About this task:
Your output should be the full listing, unchanged.
<<<<
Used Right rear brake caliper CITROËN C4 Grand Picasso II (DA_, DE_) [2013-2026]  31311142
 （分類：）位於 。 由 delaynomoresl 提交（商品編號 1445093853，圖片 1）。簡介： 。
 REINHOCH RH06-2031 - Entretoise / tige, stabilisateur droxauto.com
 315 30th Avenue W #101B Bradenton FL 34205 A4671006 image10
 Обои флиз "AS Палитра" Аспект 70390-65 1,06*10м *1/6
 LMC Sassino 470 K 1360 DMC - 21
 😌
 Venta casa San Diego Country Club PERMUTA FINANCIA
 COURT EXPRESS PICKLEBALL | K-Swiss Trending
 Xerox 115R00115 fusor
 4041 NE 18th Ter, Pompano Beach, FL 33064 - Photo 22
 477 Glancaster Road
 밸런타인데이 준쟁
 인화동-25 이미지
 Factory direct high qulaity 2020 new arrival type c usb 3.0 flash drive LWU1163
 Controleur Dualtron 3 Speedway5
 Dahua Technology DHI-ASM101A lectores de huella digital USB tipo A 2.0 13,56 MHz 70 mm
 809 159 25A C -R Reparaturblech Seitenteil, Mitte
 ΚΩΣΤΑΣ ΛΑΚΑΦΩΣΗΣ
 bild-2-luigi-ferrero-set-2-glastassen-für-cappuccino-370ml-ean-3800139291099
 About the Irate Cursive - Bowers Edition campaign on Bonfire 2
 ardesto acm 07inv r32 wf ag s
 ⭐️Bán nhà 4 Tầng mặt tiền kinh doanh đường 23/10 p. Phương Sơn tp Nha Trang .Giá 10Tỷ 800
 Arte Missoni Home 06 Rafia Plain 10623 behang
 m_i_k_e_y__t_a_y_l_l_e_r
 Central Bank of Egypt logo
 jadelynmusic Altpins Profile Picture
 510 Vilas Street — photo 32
>>>>
Task response:
Used Right rear brake caliper CITROËN C4 Grand Picasso II (DA_, DE_) [2013-2026]  31311142
 （分類：）位於 。 由 delaynomoresl 提交（商品編號 1445093853，圖片 1）。簡介： 。
 REINHOCH RH06-2031 - Entretoise / tige, stabilisateur droxauto.com
 315 30th Avenue W #101B Bradenton FL 34205 A4671006 image10
 Обои флиз "AS Палитра" Аспект 70390-65 1,06*10м *1/6
 LMC Sassino 470 K 1360 DMC - 21
 😌
 Venta casa San Diego Country Club PERMUTA FINANCIA
 COURT EXPRESS PICKLEBALL | K-Swiss Trending
 Xerox 115R00115 fusor
 4041 NE 18th Ter, Pompano Beach, FL 33064 - Photo 22
 477 Glancaster Road
 밸런타인데이 준쟁
 인화동-25 이미지
 Factory direct high qulaity 2020 new arrival type c usb 3.0 flash drive LWU1163
 Controleur Dualtron 3 Speedway5
 Dahua Technology DHI-ASM101A lectores de huella digital USB tipo A 2.0 13,56 MHz 70 mm
 809 159 25A C -R Reparaturblech Seitenteil, Mitte
 ΚΩΣΤΑΣ ΛΑΚΑΦΩΣΗΣ
 bild-2-luigi-ferrero-set-2-glastassen-für-cappuccino-370ml-ean-3800139291099
 About the Irate Cursive - Bowers Edition campaign on Bonfire 2
 ardesto acm 07inv r32 wf ag s
 ⭐️Bán nhà 4 Tầng mặt tiền kinh doanh đường 23/10 p. Phương Sơn tp Nha Trang .Giá 10Tỷ 800
 Arte Missoni Home 06 Rafia Plain 10623 behang
 m_i_k_e_y__t_a_y_l_l_e_r
 Central Bank of Egypt logo
 jadelynmusic Altpins Profile Picture
 510 Vilas Street — photo 32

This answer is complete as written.